## Assignment
Starting with the line that has "間取図 Ｍ　ＰＬＡＺＡ津田駅前１２番館", retype each line down to the end of the entries below, without leaving any out or adding any.

## Provided records
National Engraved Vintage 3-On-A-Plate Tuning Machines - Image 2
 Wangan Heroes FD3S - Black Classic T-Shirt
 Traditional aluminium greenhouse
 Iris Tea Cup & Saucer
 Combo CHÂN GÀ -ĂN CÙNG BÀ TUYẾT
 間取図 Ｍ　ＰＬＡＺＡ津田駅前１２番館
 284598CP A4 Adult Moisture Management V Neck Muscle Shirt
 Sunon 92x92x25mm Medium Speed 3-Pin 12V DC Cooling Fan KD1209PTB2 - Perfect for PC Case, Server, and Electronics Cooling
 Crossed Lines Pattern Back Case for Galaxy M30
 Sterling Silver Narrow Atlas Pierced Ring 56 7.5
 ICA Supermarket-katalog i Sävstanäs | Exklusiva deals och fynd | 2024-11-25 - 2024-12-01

## Result of this exercise
 間取図 Ｍ　ＰＬＡＺＡ津田駅前１２番館
 284598CP A4 Adult Moisture Management V Neck Muscle Shirt
 Sunon 92x92x25mm Medium Speed 3-Pin 12V DC Cooling Fan KD1209PTB2 - Perfect for PC Case, Server, and Electronics Cooling
 Crossed Lines Pattern Back Case for Galaxy M30
 Sterling Silver Narrow Atlas Pierced Ring 56 7.5
 ICA Supermarket-katalog i Sävstanäs | Exklusiva deals och fynd | 2024-11-25 - 2024-12-01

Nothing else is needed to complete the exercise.